Это измерение он считал главным и на него ориентировал специфику своего пластического языка. Он подчеркивал, что это не литературный психологизм, а чисто живописное выражение состояний души. И вся его «варварская экспрессия», нарочитый примитивизм, «сумасшедший цвет»(по его выражению), нагромождение несуразностей; все эти бесконечные пластические вариации даже ему самому непонятных (как писал он в 1946 г. о своих работах: «Я не понимаю их вообще. Это не литература. Это лишь живописная аранжировка образов, которые меня преследуют») символов-инвариантов: петухов, летающих рыб, телячьих и человеческих голов, примитивных ангелочков, бесконечных евреев-скрипачей и раввинов со свитками Торы с зелеными и фиолетовыми лицами, иудейских звезд, летающих «вверх тормашками» домиков и человеческих фигурок, зеленых глаз, прорезывающихся из крыш деревенских избушек, распятий с Христом в контексте иудейского быта и т. д. и т. п. — все это было направлено у него, по словам самого Ш., на организацию «психического шока» у зрителя, погружение его в «четвертое, психическое измерение».
Творческий гений Ш. на протяжении всей жизни вращался в орбите нескольких глобальных пересекающихся миров: мира провинциального еврейского быта, мира Библии, мира цирка. Тонкая лирика и глубокий трагизм, мистика и простые человеческие радости, апокалиптика и романтическая любовь пронизывают все эти миры, сплетая их в некий единый космос сугубо шагаловского понимания и переживания жизни человеческой и бытия в целом. В центре этого космоса у Ш. всегда стоял простой земной человек с его бедами, радостями, рождением, смертью, трудами и страстями. Аполлинер классифицировал искусство Ш. как «сверх-естественное»(sur-naturel), Бретон констатировал, что с Ш. «метафора триумфально вошла в современную живопись».

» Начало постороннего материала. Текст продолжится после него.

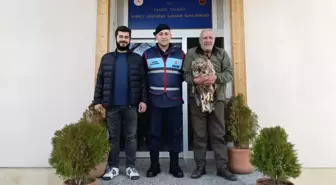Elazığ'da Yaralı Kaya Kartalı Kurtarıldı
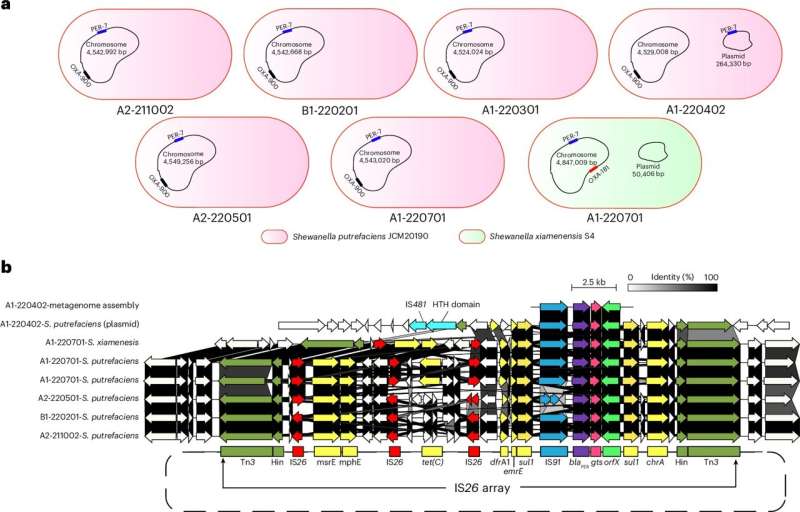 Presence of blaPER in Shewanella isolates obtained from the different sewage samples. Credit: Nature Water (2025). DOI: 10.1038/s44221-025-00446-3 Wastewater surveillance tracks spread of antibiotic resistance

Ш. написано огромное количество живописных полотен, составляющих сейчас гордость крупнейших музеев мира и известных собраний, созданы иллюстрации к Библии и многим произведениям классической литературы, декорации для театральных спектаклей и балетов, панно, росписи и витражи для крупнейших театров, общественных центров, синагог и церквей. Он no-праву вошел в немногочисленный ряд крупнейших художников XX в., заняв место классика среди классиков мирового искусства.
Соч.:
Ангел над крышами: Стихи. Проза. Статьи. Выступления. Письма. М… 1989;
Моя жизнь. М., 1994; Ma vie. Paris, 1931.